## What is required
Reproduce every line of the material below exactly. No pictures belong in the copy.

## Given information
-*-*-
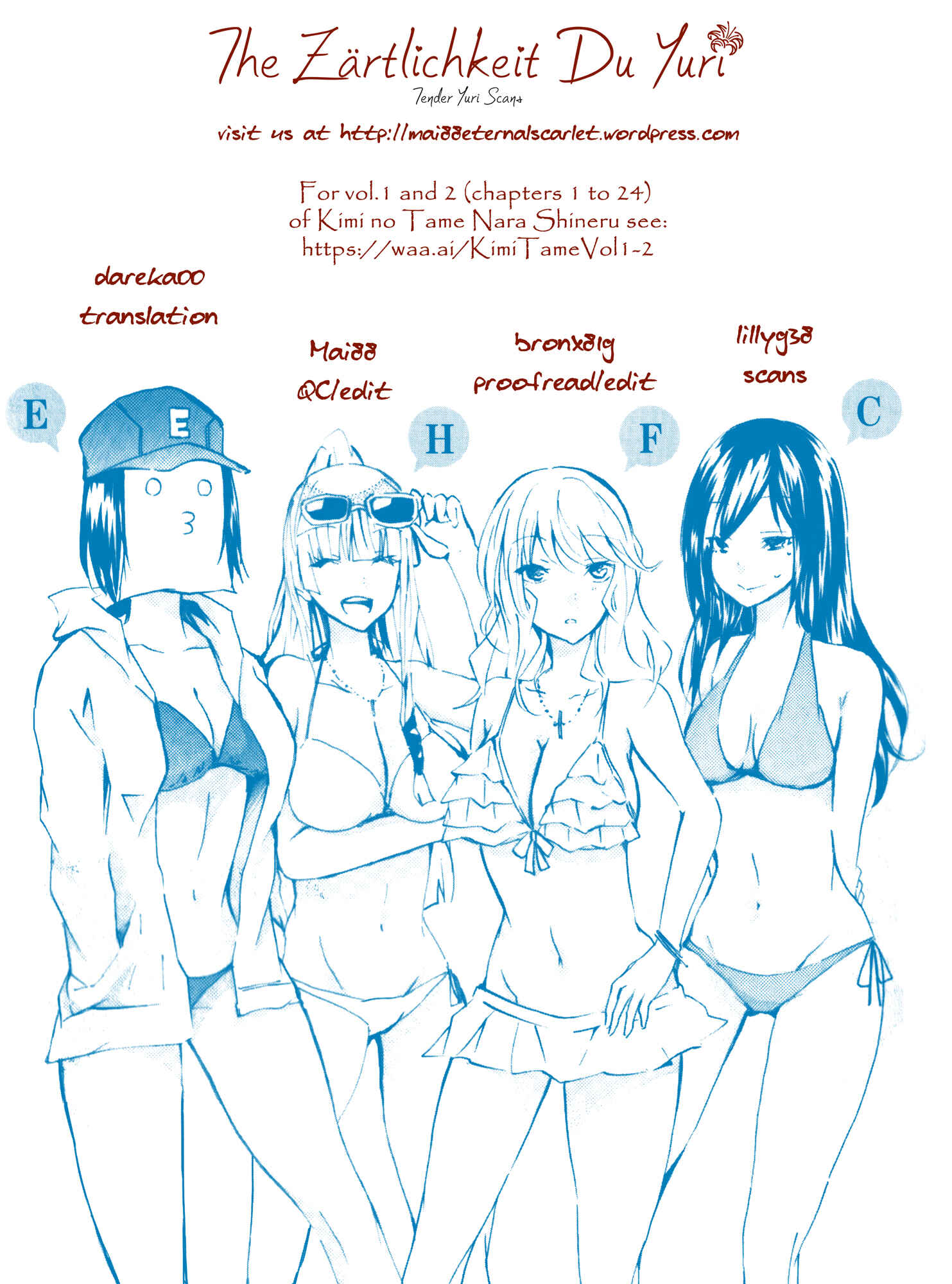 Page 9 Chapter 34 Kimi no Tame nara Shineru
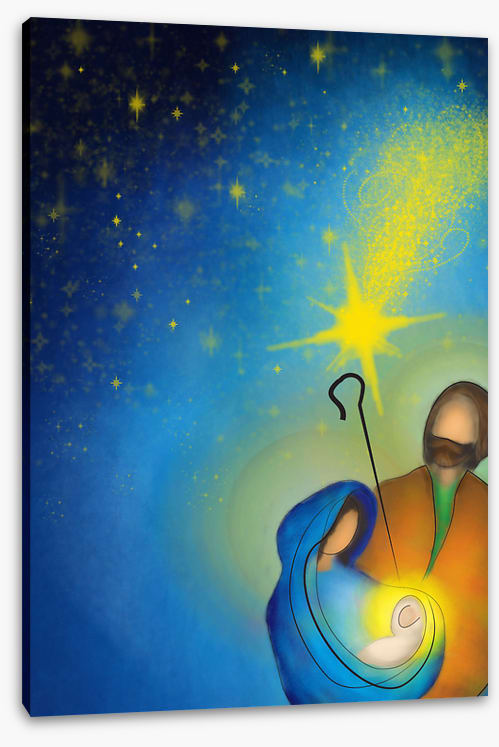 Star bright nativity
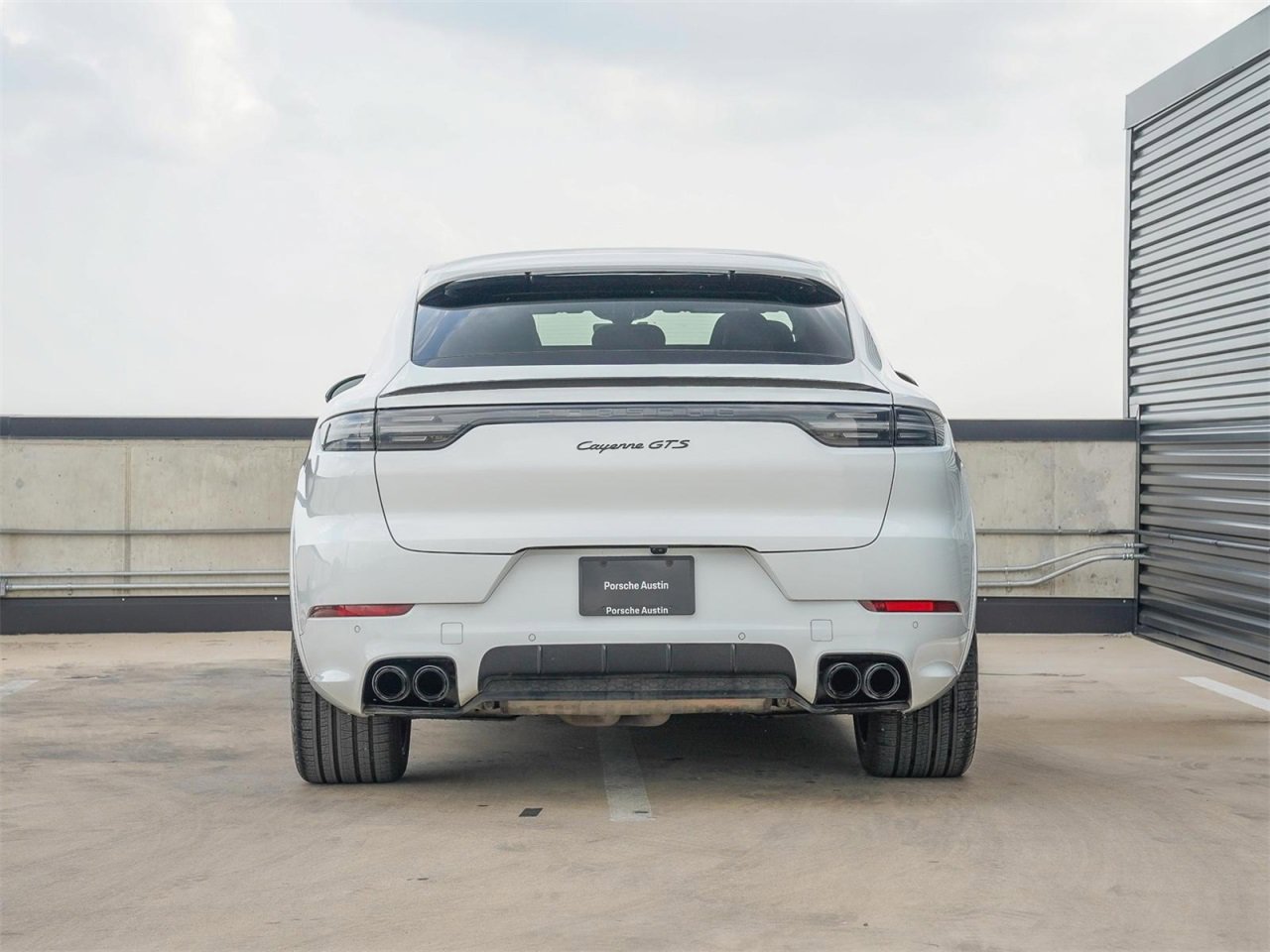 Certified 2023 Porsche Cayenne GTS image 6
-*-*-
## Answer section
 Page 9 Chapter 34 Kimi no Tame nara Shineru
 Star bright nativity
 Certified 2023 Porsche Cayenne GTS image 6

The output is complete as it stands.